For the purposes of this guide, we'll treat kubeconfigs as simple wrappers over these three files. In their generality, however, they can be more complex. For example, they can include authentication data for multiple users of multiple independent Kubernetes clusters.

We will need to generate a kubeconfig for every client of the Kubernetes API:

  • The admin user
  • Each node (i.e. kubelet)
  • kube-scheduler
  • kube-controller-manager
  • kube-proxy

Bootstrapping the security

It's time to generate all the listed certificates and kubeconfigs.

Note

This section is largely based on Kubernetes the Hard Way

Generating certificates with cfssl

There are many tools to generate X.509 certificates. Our utility of choice is cfssl.

Let's create a directory for everything security-related:

mkdir auth && cd auth

Root Certificate Authority

The first thing to generate is the root certificate authority. We can do that by preparing a JSON file representing a Certificate Signing Request and pass it to cfssl.

Create the ca-csr.json file:

{
  "CN": "Kubernetes",
  "key": {
    "algo": "rsa",
    "size": 2048
  },
  "names": [
    {
      "C": "PL",
      "L": "Krakow",
      "O": "Kubernetes",
      "OU": "kubenet",
      "ST": "Lesser Poland"
    }
  ]
}

All the names in this CSR are arbitrary, you can choose whatever you like.

Generate the CA with:

cfssl gencert -initca ca-csr.json | cfssljson -bare ca

This generates ca.csr, ca.pem (the certificate) and ca-key.pem (the private key). The .csr file will not be used and may be discarded.

Note

cfssl is designed to work like a REST API and returns its result wrapped into JSON. We use cfssljson utility to convert it into PEM files.

CA configuration file

In order to facilitate signing client & server certificates, we can factor out common settings into a shared configuration file, the ca-config.json:

{
  "signing": {
    "default": {
      "expiry": "87600h"
    },
    "profiles": {
      "kubernetes": {
        "usages": ["signing", "key encipherment", "server auth", "client auth"],
        "expiry": "87600h"
      }
    }
  }
}

Here are some details to note about it:

  • default specifies global options, while profiles contains a set of arbitrarily named "profiles" that may override these options.

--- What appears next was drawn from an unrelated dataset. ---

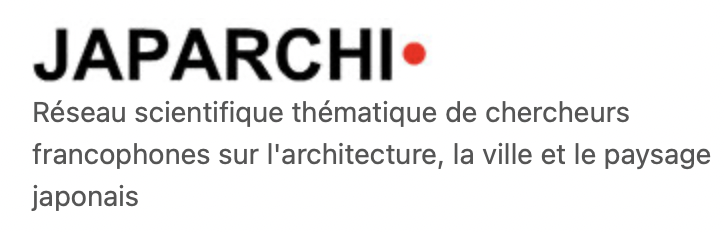 25/09/21 - Table ronde Japarchi- "Les architectes de l'ère Heisei (1989-2019)"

When generating a certificate, the desired profile is selected with a command line option. This way the config file may serve as an aggregate for multiple, independent sets of options.
  • expiry specifies the validity of a certificate - in this case we set it to 10 years (unfortunately, hour is the largest time unit possible to use here)
  • usages corresponds to the Key Usage Extension of the X.509 certificate format

The main Kubernetes API certificate

Create a kubernetes-csr.json file:

{
  "CN": "kubernetes",
  "key": {
    "algo": "rsa",
    "size": 2048
  },
  "names": [
    {
      "C": "PL",
      "L": "Krakow",
      "O": "Kubernetes",
      "OU": "kubenet",
      "ST": "Lesser Poland"
    }
  ],
  "hosts": [
    "kubernetes",
    "kubernetes.default",
    "kubernetes.default.svc",
    "kubernetes.default.svc.cluster",
    "kubernetes.default.svc.cluster.local",
    "10.32.0.1",
    "kubernetes.kubenet",
    "192.168.1.21",
    "control0",
    "control0.kubenet",
    "192.168.1.11",
    "control1",
    "control1.kubenet",
    "192.168.1.12",
    "control2",
    "control2.kubenet",
    "192.168.1.13",
    "127.0.0.1"
  ]
}

CN and names for this certificate are arbitrary. What's important is the hosts list, which includes all the domain names and IPs that may be used to reach the Kubernetes API, both from outside and inside the Kubernetes cluster:

  • kubernetes.default.* are domain names used to communicate with the Kubernetes API from within the cluster, they will resolve to the Kubernetes API internal Service IP
  • 10.32.0.1 is the Kubernetes API internal Service IP - it may be chosen arbitrarily as long as it is consistent with configuration of kube-proxy and/or other Kubernetes components - we will see that in subsequent chapters
  • kubernetes.kubenet is the full domain name that resolves to the load-balanced virtual IP of the Kubernetes API from outside the cluster
  • 192.168.1.21 is the Kubernetes API virtual IP, which we will take care of in another chapter
  • the simple name kubernetes is resolvable both from outside and inside the cluster
  • controlX, controlX.kubenet are control node domain names
  • 192.168.1.1X are control node IPs
  • finally, a 127.0.0.1 entry to allow reaching Kubernetes API via localhost on control nodes

Generate and sign the certificate with:

cfssl gencert \
  -ca=ca.pem \
  -ca-key=ca-key.pem \
  -config=ca-config.json \
  -profile=kubernetes \
  kubernetes-csr.json | cfssljson -bare kubernetes

The resulting interesting files are kubernetes.pem and kubernetes-key.pem.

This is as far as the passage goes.